** Assignment **
Please return all lines from the records below that include the string "Smart".

⟨

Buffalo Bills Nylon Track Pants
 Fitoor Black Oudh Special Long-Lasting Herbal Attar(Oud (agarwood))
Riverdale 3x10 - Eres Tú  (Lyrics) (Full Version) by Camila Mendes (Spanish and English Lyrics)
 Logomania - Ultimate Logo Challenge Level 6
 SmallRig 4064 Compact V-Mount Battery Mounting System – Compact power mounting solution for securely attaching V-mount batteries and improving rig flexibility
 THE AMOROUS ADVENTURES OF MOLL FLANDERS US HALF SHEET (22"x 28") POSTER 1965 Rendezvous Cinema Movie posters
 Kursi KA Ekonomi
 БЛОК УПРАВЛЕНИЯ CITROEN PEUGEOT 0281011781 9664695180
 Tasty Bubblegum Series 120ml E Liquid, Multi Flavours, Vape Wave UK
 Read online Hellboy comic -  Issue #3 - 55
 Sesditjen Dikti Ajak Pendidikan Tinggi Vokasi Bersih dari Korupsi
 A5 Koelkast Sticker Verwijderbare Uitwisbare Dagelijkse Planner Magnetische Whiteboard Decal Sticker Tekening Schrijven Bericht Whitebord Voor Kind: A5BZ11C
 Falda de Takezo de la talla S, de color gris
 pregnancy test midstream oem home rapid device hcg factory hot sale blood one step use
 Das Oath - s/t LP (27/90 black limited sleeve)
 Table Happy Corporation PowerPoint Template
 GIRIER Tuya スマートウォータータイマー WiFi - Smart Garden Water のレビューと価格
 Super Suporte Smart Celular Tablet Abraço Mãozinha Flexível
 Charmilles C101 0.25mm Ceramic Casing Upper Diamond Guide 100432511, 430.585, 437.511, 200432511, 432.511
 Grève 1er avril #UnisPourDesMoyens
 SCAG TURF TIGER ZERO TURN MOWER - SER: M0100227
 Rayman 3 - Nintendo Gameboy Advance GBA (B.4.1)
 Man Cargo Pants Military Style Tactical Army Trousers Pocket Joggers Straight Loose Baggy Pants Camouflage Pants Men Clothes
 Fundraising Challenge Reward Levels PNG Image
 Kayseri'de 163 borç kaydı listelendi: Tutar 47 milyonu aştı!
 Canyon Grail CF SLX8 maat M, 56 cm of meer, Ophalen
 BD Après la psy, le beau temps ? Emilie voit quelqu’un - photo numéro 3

⟩

** Result **
 GIRIER Tuya スマートウォータータイマー WiFi - Smart Garden Water のレビューと価格
 Super Suporte Smart Celular Tablet Abraço Mãozinha Flexível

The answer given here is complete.